* _ASSIGNMENT_:
Beginning with the line that holds "Stamperia 3D Paper" and ending with the last line of the entries below, copy every line exactly and nothing else, with the pictures left out.

══ LISTED RECORDS ══

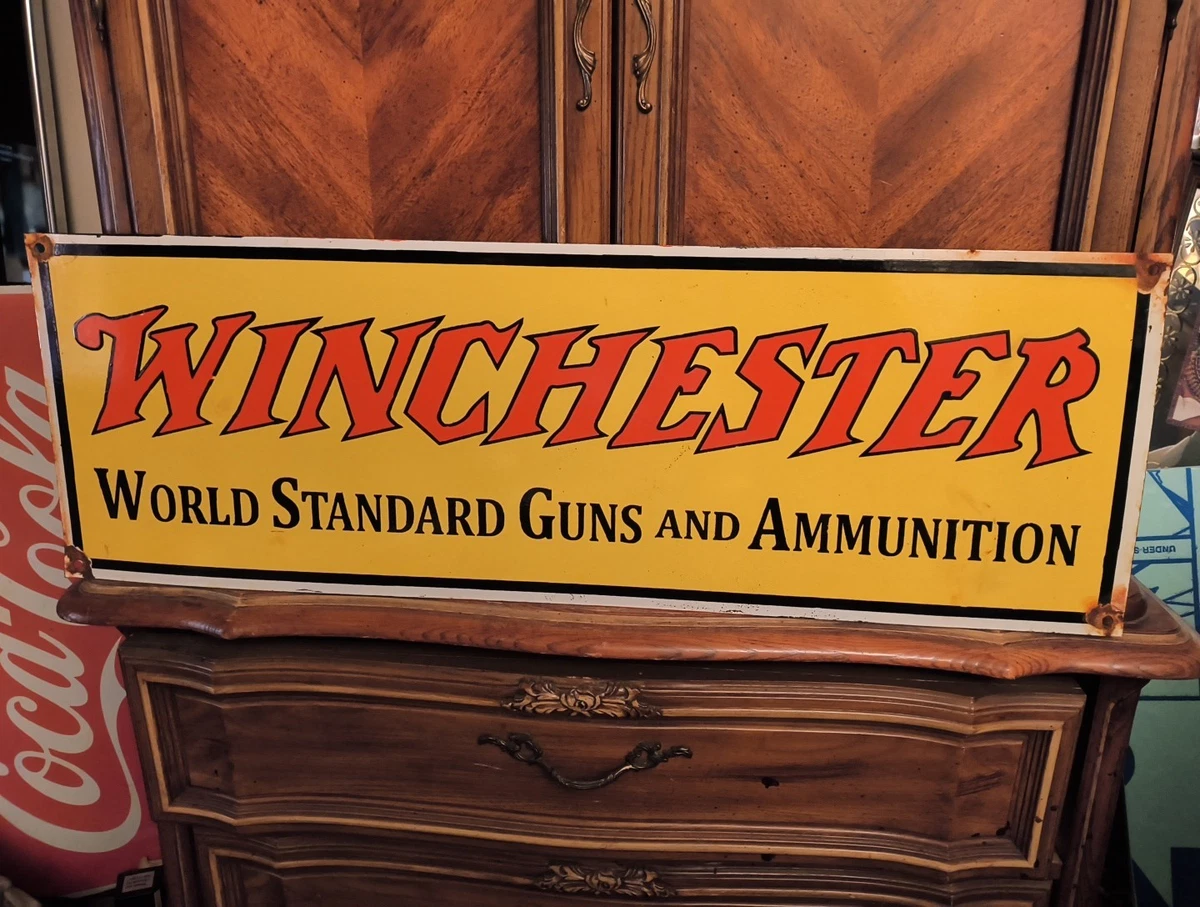Winchester Sign In Original Advertising Signs (1930-1969) for sale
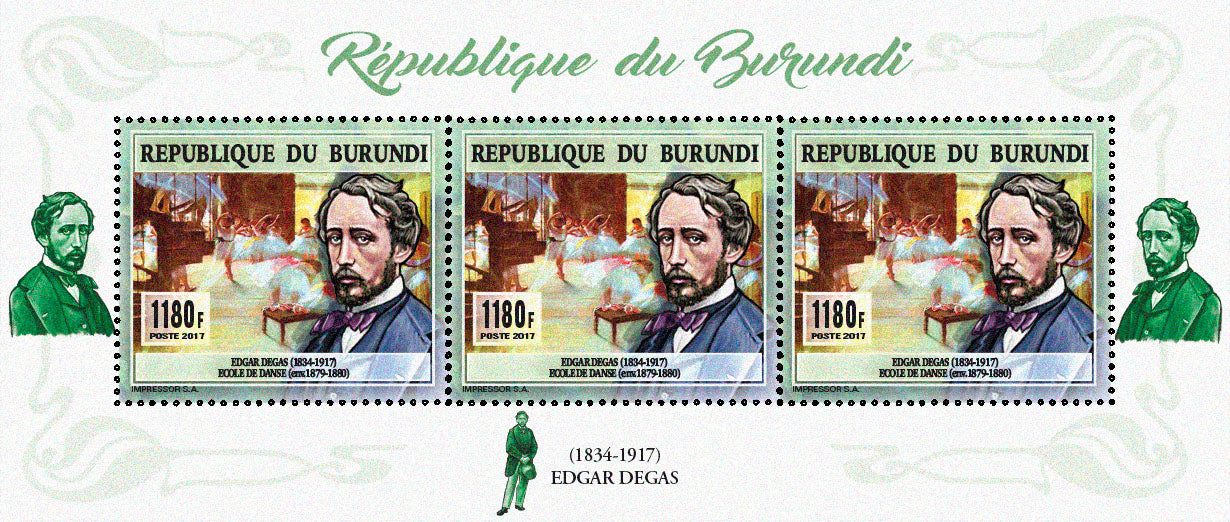 Famous characters : Edgar Degas Painting
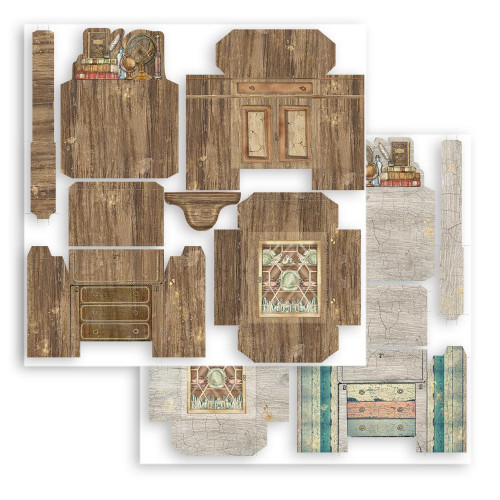 Stamperia 3D Paper Kit-Lady Vagabond Lifestyle - SBPOP08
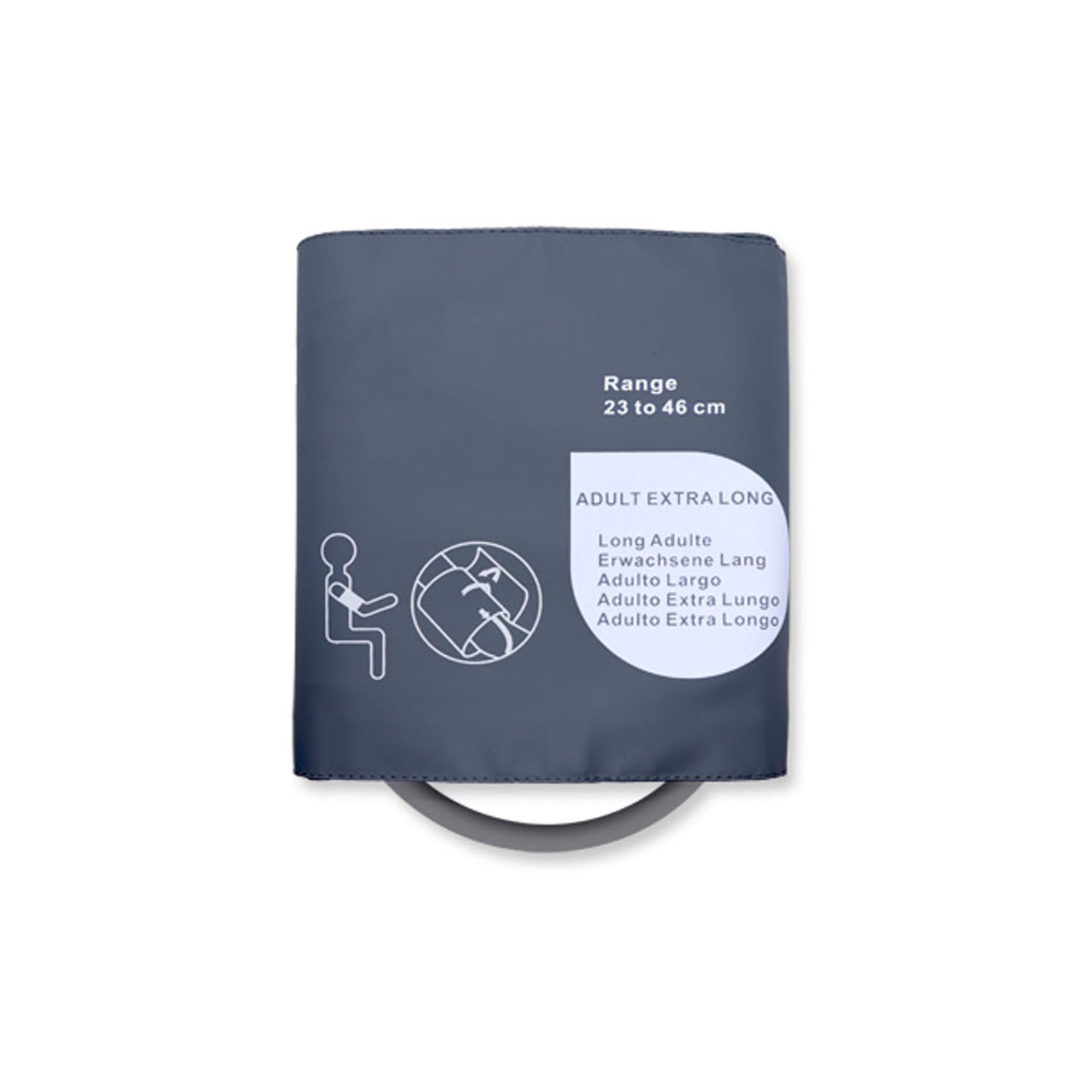 Reusable NIBP Cuff, Adult, Long Single Hose, 23 - 46cm, OEM: CU-US2345HP, 0683-15-0006-01, 115-027718-00, 989803147881, M4556B, 989803150431, M4556B5 (DROP SHIP ONLY) (Freight Terms are Prepaid & Added to Invoice - Contact Vendor for Specifics)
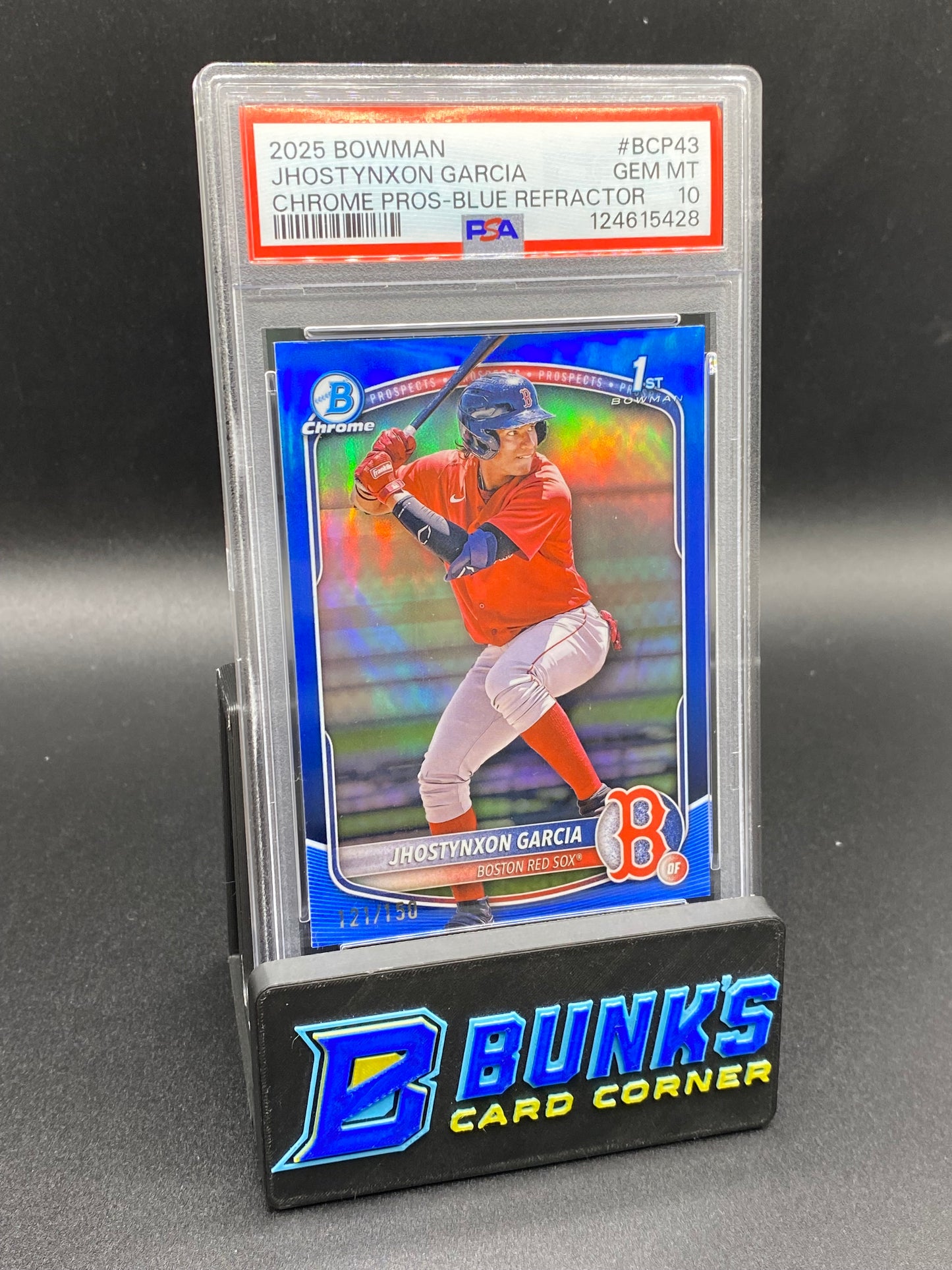 2025 Jhostynxon Garcia Chrome Pros Blue Ref. 121/150 PSA 10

═══

* _OUTPUT FOR THIS EXERCISE_:
 Stamperia 3D Paper Kit-Lady Vagabond Lifestyle - SBPOP08
 Reusable NIBP Cuff, Adult, Long Single Hose, 23 - 46cm, OEM: CU-US2345HP, 0683-15-0006-01, 115-027718-00, 989803147881, M4556B, 989803150431, M4556B5 (DROP SHIP ONLY) (Freight Terms are Prepaid & Added to Invoice - Contact Vendor for Specifics)
 2025 Jhostynxon Garcia Chrome Pros Blue Ref. 121/150 PSA 10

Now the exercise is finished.